The GEC Series 63 was a 32-bit minicomputer produced by GEC Computers Limited of the UK during the 1980s in conjunction with A. B. Dick in USA. During development, the computer was known as the R Project. The hardware development (under Dick Ruth and Ed Mack) was done in Scottsdale, Arizona whilst the software was the responsibility of GEC in Dunstable, UK. The hardware made early use of pipeline concepts, processing one instruction whilst completing the preceding one.
Announced in 1983, two operating systems were to be offered: UX63 and OS6000. UX63 was a Unix port derived from UNIX System III, whereas OS6000 was a port of the OS4000 operating system from the GEC 4000 series (under pressure from the marketing department, concerned about compatibility with its existing user base). Subsequently a version of UNIX System V Release 2 was added - largely to compete with VAX machines which were becoming the fashionable computer of choice amongst academics, concerned about being able to access software from US colleagues. The C compiler, necessary to effect the implementation, was first produced for OS4000 and cross-compiled.

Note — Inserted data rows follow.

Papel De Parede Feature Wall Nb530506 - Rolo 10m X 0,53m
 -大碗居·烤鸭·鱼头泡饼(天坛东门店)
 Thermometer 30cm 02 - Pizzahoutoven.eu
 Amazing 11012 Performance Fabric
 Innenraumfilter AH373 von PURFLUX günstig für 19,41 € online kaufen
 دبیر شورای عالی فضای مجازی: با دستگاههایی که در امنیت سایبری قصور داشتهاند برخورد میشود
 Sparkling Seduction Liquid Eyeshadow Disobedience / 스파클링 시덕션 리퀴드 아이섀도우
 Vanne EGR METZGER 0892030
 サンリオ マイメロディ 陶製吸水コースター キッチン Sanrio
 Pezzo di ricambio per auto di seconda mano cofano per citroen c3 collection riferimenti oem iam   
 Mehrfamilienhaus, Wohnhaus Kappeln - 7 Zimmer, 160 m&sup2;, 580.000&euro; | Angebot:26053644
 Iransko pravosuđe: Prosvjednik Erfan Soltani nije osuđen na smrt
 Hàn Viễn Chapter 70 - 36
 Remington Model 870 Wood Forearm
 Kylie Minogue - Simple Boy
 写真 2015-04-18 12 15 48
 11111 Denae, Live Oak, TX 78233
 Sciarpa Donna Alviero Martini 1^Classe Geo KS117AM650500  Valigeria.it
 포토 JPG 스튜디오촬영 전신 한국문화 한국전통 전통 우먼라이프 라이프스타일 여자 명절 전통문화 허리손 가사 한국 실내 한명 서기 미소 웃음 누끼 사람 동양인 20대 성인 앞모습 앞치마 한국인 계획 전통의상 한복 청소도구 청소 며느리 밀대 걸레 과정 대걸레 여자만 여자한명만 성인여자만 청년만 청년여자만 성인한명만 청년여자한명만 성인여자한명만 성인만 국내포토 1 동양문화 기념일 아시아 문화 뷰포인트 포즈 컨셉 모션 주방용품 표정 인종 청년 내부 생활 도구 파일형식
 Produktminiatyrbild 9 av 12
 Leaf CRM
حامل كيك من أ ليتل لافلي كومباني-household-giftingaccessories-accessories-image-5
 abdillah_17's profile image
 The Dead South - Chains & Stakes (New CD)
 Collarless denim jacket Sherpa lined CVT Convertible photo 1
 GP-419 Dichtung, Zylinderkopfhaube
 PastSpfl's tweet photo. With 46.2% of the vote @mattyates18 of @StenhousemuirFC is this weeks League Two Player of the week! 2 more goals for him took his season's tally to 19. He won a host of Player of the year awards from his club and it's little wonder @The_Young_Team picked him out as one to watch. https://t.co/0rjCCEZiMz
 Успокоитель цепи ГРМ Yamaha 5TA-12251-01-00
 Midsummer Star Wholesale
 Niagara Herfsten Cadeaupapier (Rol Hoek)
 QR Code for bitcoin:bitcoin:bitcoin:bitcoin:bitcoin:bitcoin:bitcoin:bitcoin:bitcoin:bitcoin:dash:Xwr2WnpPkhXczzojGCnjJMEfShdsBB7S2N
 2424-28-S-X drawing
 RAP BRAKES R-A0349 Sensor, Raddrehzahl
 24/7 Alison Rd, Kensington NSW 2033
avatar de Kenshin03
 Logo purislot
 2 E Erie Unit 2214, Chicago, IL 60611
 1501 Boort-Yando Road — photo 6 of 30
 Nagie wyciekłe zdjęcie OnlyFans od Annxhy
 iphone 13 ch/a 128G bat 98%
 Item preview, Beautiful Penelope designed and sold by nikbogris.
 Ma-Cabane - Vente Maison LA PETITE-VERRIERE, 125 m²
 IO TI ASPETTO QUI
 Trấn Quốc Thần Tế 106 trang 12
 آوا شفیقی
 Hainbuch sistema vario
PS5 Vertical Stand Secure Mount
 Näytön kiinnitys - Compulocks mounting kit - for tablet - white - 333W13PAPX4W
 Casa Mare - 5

The Unix product was one of the first ports to a different processor architecture undertaken in the UK, with large chunks of the GEC 63 Unix port done at the University of Edinburgh. (Other comparable early Unix ports included that of the High Level Hardware Orion system which launched with 4.1BSD Unix in 1984, ICL's PNX for the PERQ workstation in 1983, and a reported port to a Bleasdale Computer Systems product by Root Computer in early 1983. These ports were likely to have been fully operational before GEC 63 Unix was.)
There were plans for six models, but only two models of the GEC Series 63 were ever produced: the 63/30 and the 63/40. The 63/40 added an embedded GEC 4160 minicomputer running OS4000 to provide additional communications features (such as X.25 and X.29 access).
The Series 63 was used by several UK universities, also being procured with some controversy as part of the Alvey Project, having been chosen as a British-made alternative (along with Systime-produced VAX machines) to the DEC VAX, with DEC's machine being the only one available at the time that was capable of running the specified Berkeley Unix operating system. One of the first student-run university computing facilities in the UK, The Tardis Project, was established in 1988 in the Department of Computer Science of the University of Edinburgh using a Series 63. The name came from the resemblance of the Series 63's large blue cabinet to Doctor Who's time machine.
The Series 63 was discontinued in August 1987 after disappointing sales. Approximately 22 systems were sold during the lifetime of the system.